After coming back to The Netherlands it was obvious to me: because we forgot we are Nature, we are destroying her and our health. So to solve these problems, we have to reconnect. In 2022 I designed an annual Japanese Yoga course to inspire people to rekindle their connection, using the change of seasons in our practice. You can read everything about it here!
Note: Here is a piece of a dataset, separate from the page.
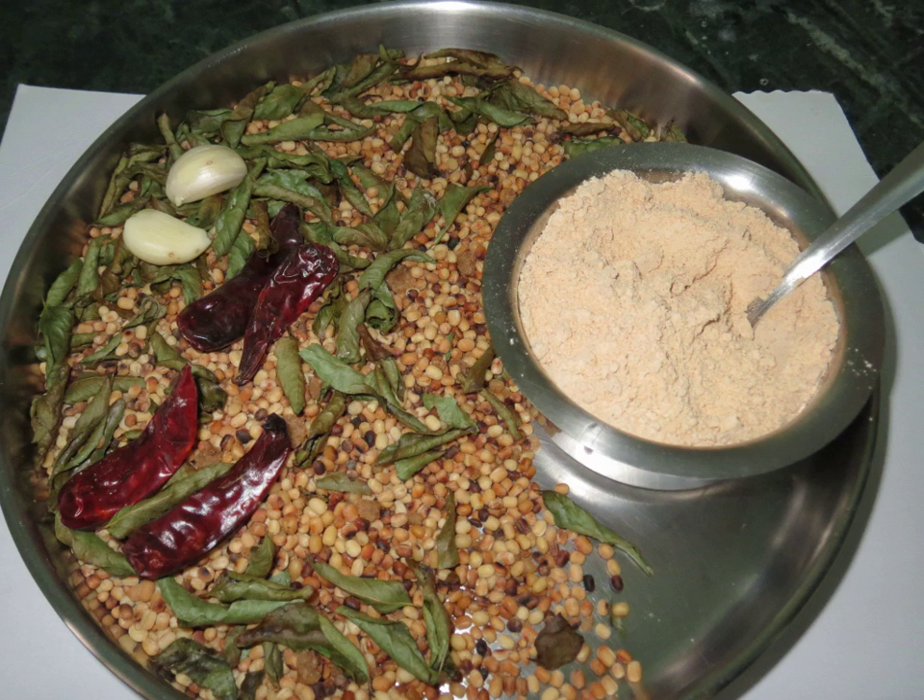Recipe for Idli padi: 100 grams of urad dal, 100 grams of chana dal, 5–10 dry red chilies, half a teaspoon of sesame seeds, a pinch of asafetida, and salt to taste. Mix the dal and the chilies in a wok and dry roast until the white dal turns golden brown. Remove to a plate and sprinkle the asafetida on the mix before it cools.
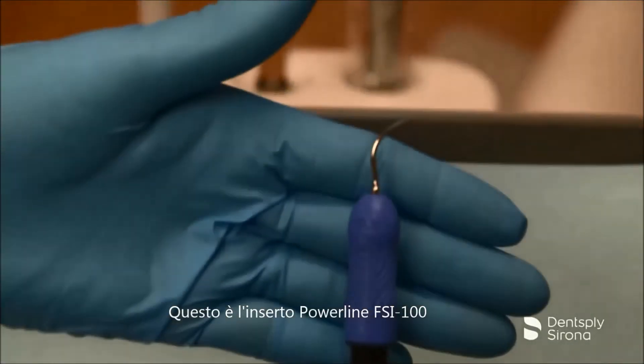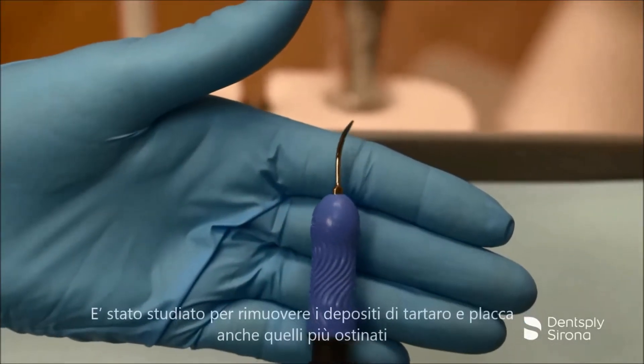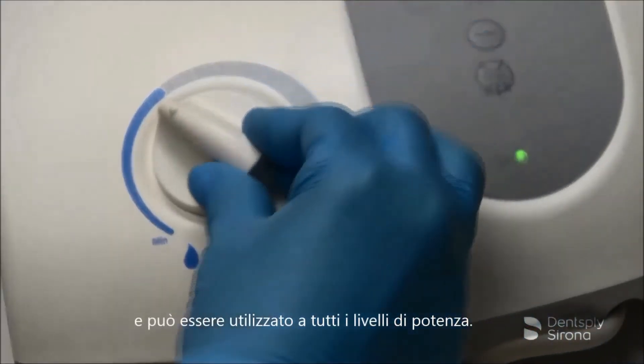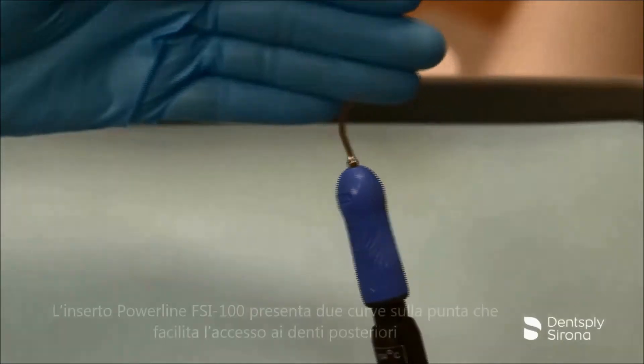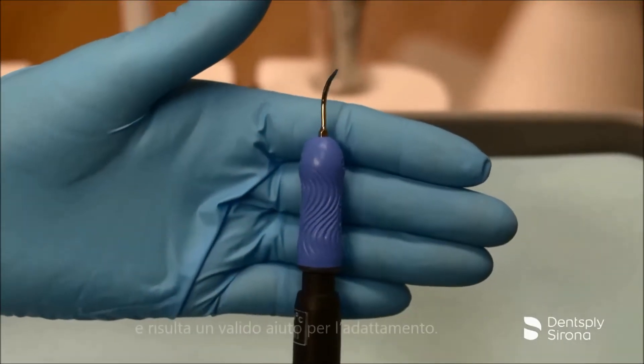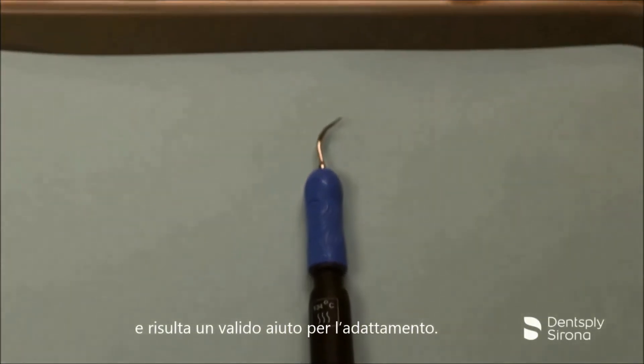This is the Cavitron FSI 100. It is designed for removal of moderate to heavy deposits and can be utilized at all power levels. The Cavitron FSI 100 has two bends to the shank, facilitating access to posterior teeth and aiding in adaptation.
After almost 10 years of teaching yoga, the effects of the pandemic on my work made me decide it was time to reconnect with my former university (Hogeschool van Amsterdam). I started working as a health and sustainability project officer at Buurtcampus Oost in 2022, developing health and sustainability projects with students for Amsterdam Oost. This job allowed me to become a welfare worker at a local community garden at Tugela85. Next to that, I became a Climate Coach for the Carbon Conversations Foundation (stichting KlimaatGesprekken). I facilitate workshops in which people learn how to reduce their carbon footprint and increase their positive ´handprint´, and how to use constructive conversation techniques about climate change.